I went to bed Wednesday night, but I didn’t go to sleep. I got up Thursday and I went to the gym. I made more phone calls, I wrote more music and I taught children. Your children. I taught them to be bold. I told them to stand up, I told them that no-one in my group judges another for singing differently. I taught them that we are the music makers, that we are the dreamers of the dream. I taught them to be the next generation of loud mouths and degenerates, battling always toward absolute unfettered freedom.

I came home exhausted, drained, and I had dinner with my wife and my mom and we laughed and laughed. We didn’t watch the news, we talked about our music, about my kids in rehearsal, about our dreams. My mom is getting a job as an editor for textbooks. Whoops! I’m teaching children. UH-OH! You don’t have enough hate in you to stomp us all out.

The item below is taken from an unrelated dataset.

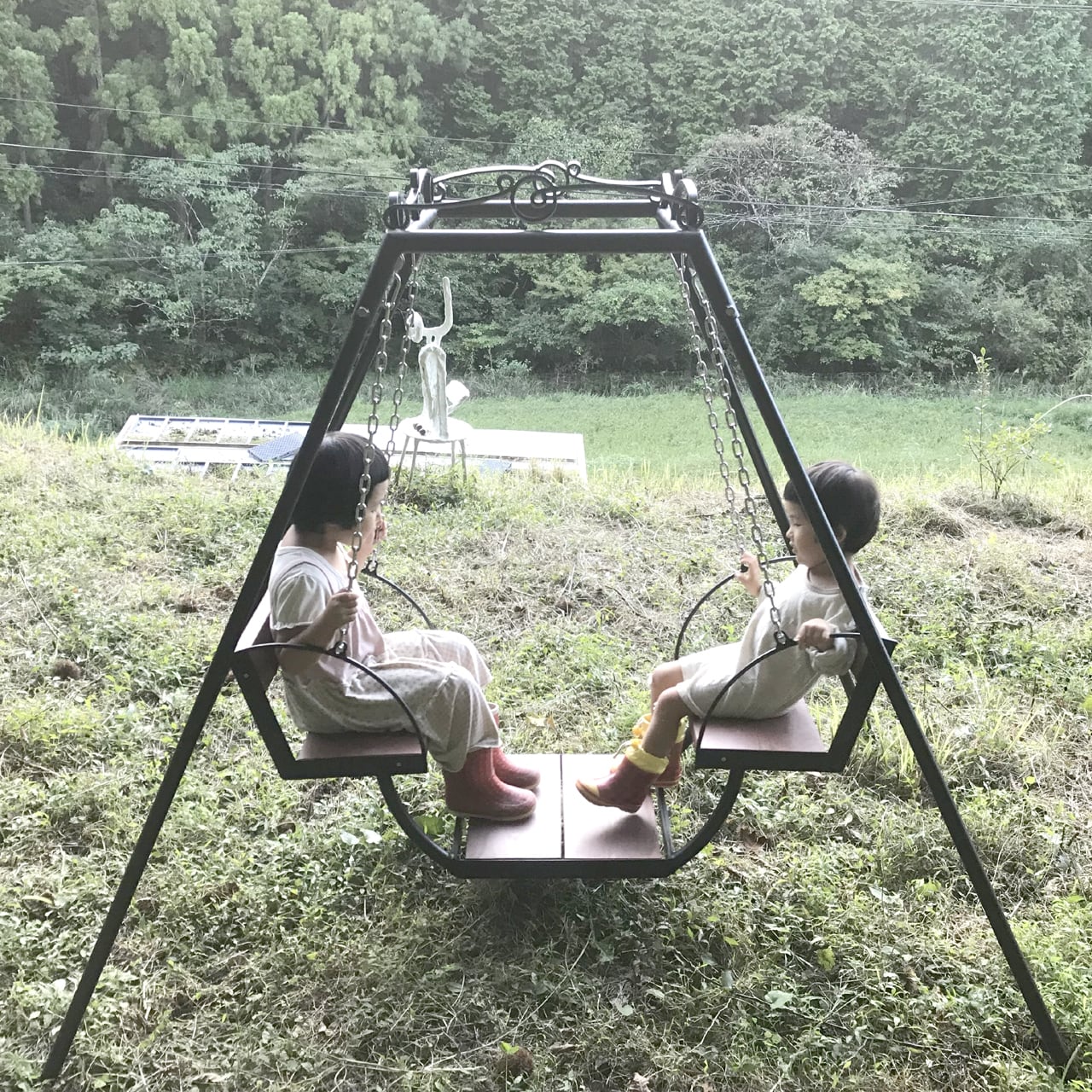 復刻！昭和の懐かしいゆりかご型ブランコ】 家庭用ブランコ ゆりかご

They will come for me, for my wife, my kids, sure. But they will come for you next. The left doesn’t need to wake up, the liberal elite doesn’t need to change a goddam thing. You don’t have to wake up either. Sleep as long as you can. But they are coming for you, rest assured.

I went to bed last night. I went to bed exhausted, but I did not go to sleep.


Wednesday, November 3rd, 2004

I’m not sure how many posts are gonna come out of me in the next few days. A part of me thinks I won’t write again until the world rights itself, the other part of me knows I’m gonna scream until the rafters scream back.

This election was one of fear. Every single vote, yours and mine included, was cast in fear. We were all voting in the hopes of avoiding the horrible thing we think is going to happen. The Gay Marriage votes were not votes wherein people were hoping to end homosexuality, they were voting against the imagined queering of marriage. We voted for John Kerry because we are terrified of what another four years of President Bush will bring us.

And people voted for Bush because they were terrified of what would happen without him.

Democrats lost because we had nothing to vote *for*.

The way words work is endlessly fascinating to me. Think about the meaning of “acute” and “obtuse”, and how they become almost onomatopoeiac, I’ve already talked about how cool it is to refer to something as “remarkable”, as if anything less shouldn’t even be spoken about. The word that is haunting me today is “distinguished”.

If you distinguish one thing from another, you are clarifying it, you are giving it distinct parameters. John Kerry was attacked a number of times as having never distinguished himself, and they meant it both ways, that he had never risen above the fray politically and that he never seemed to *stand* for anything.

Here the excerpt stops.